Em Da queda enquanto voo, este livro de estreia cheio de vertigens, Adriana Massocato começa seu primeiro verso com um mar em sua frente, mas sem saber nadar.
Esse poema inaugural, uma espécie de introdução às quatro partes que compõem a obra, parece indicar o que encontraremos a seguir: um sujeito carregado de desejos que deve se encontrar, circular e pertencer a um mundo imperfeito, ao mesmo tempo em que se faz poeta, aprendendo a “caminhar sobre as águas”.
A palavra “caminho”, aliás, não apenas intitula uma das partes do volume, mas é central em toda a obra. O eu lírico (pessoa ou poeta) em construção busca a própria feitura durante o caminhar, no voo e na queda, já que na queda também nos constituímos, é das quedas que se fazem os voos. É a partir desse salto no vazio, então, que Adriana se torna poeta, que desatina a escrever “cartas aos pombos e aos intérpretes”.
Nas duas primeiras partes desse percurso, “Muda” e “Fundo”, a poeta se lança aos nascimentos, à infância como memória e esquecimento, ao aprender a ser, “cair no mundo como um pássaro”, ao sentimento de inadequação, ao desamparo e à loucura. É preciso aprender a jogar a vida “que todos parecem jogar tão bem”. Lançamo-nos também, como não poderia deixar de ser, no abismo de nascer menina e de se fazer mulher: “tornar-se indesejável/para nunca mais/ser comida viva”.

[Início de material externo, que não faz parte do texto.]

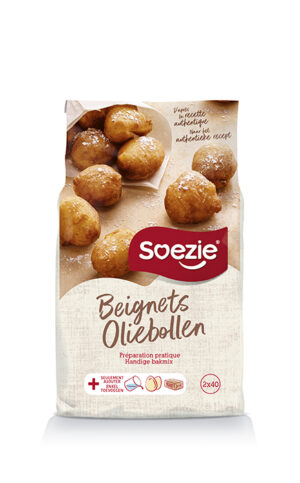 Mix voor oliebollen 1 kg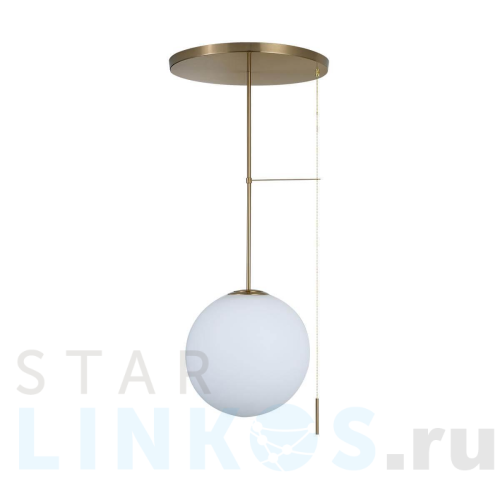 Купить Подвесной светильник Loft IT Signal 10029PM Gold за 7 813 руб. в Туле Купить с доставкой Подвесной светильник Loft IT Signal 10029PM Gold в Туле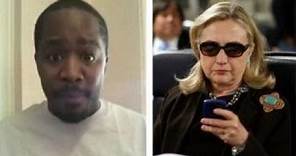 Terrence Williams: 'What happened' to the 33,000 emails?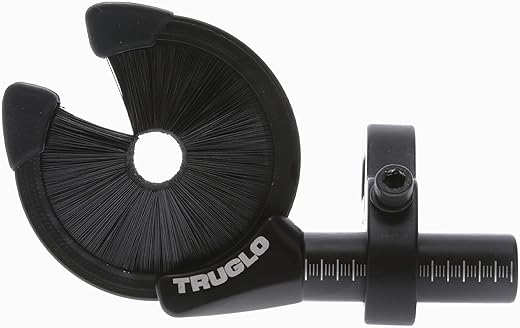 TRUGLO EZ-Rest Full Containment Brush Arrow Rest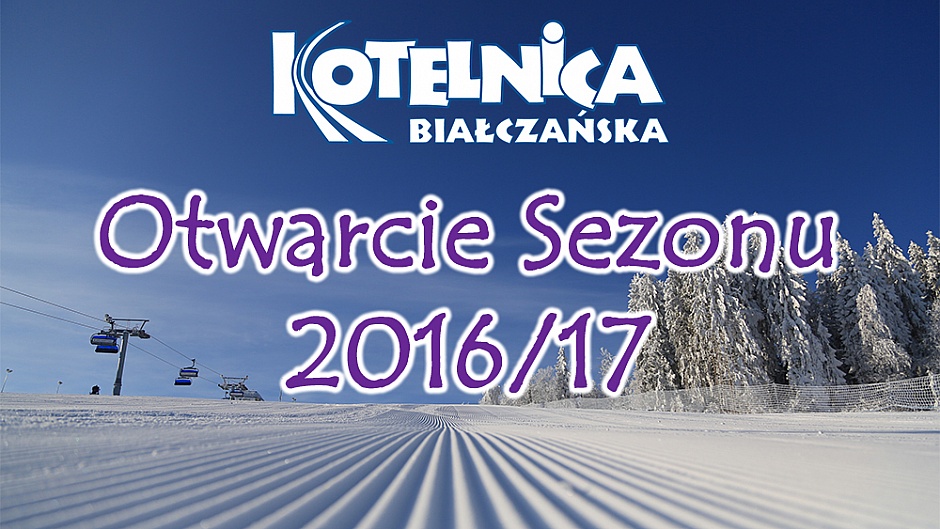 Kotelnica Białczańska rusza w sobotę!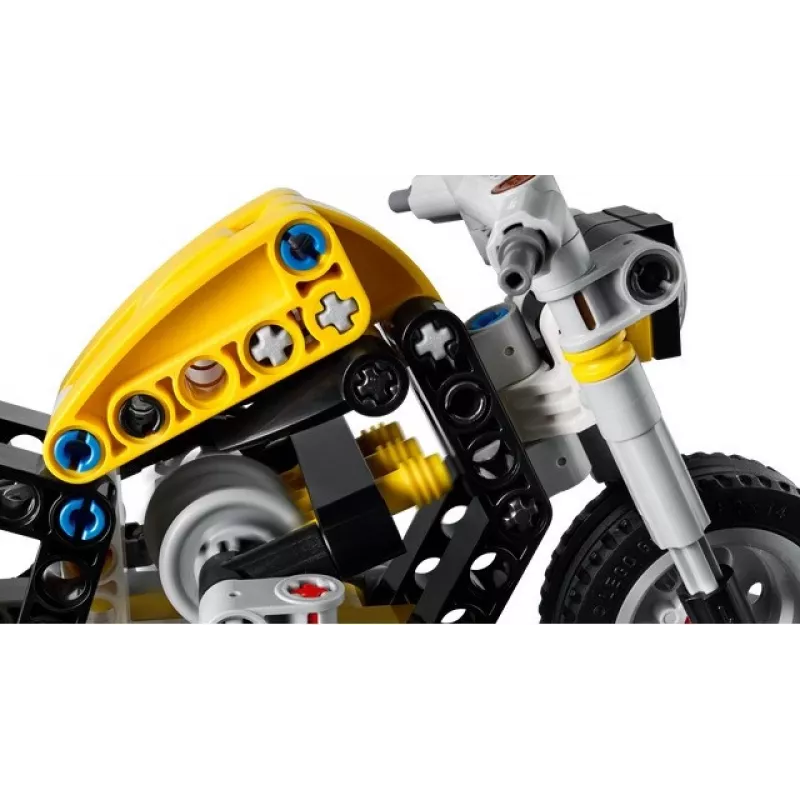LEGO TECHNIC 42225 Mota amarela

Seguimos sem rumo pela terceira parte do livro, “Caminho”, em que encontramos o mundo externo, grande e redondo, os lugares aonde nunca chegamos: “Eu, aqui e ali, sou a esmo”. Encontramos ali mais um lugar de risco: o amor, com toda a sua beleza e ruína. Mas é na quarta e última parte, “Laço”, que todos os caminhos se enredam, a vida em sociedade e o passar do tempo, alguém que quer detê-lo “como quem laça/um cavalo/um boi/um amor/um unicórnio”, o estar no mundo “que não cumpre as promessas que fez” e as indagações sobre o que é ser um sujeito e o que é ser poeta (“Poeta vai para Machu Picchu?”). É assim que a poeta existe e resiste como ser deslocado, “à margem do que foi instituído como margem”, é assim que se faz poeta: encontra palavras como chaves perdidas.
Essa combinação provoca no leitor a vontade de viver aquilo que a poeta viveu, em sua memória e esquecimento, caminhar pelos lugares ou não lugares em que pisou, no voo que já começa com a queda, como o unicórnio perdido que vagueia pelas páginas deste livro.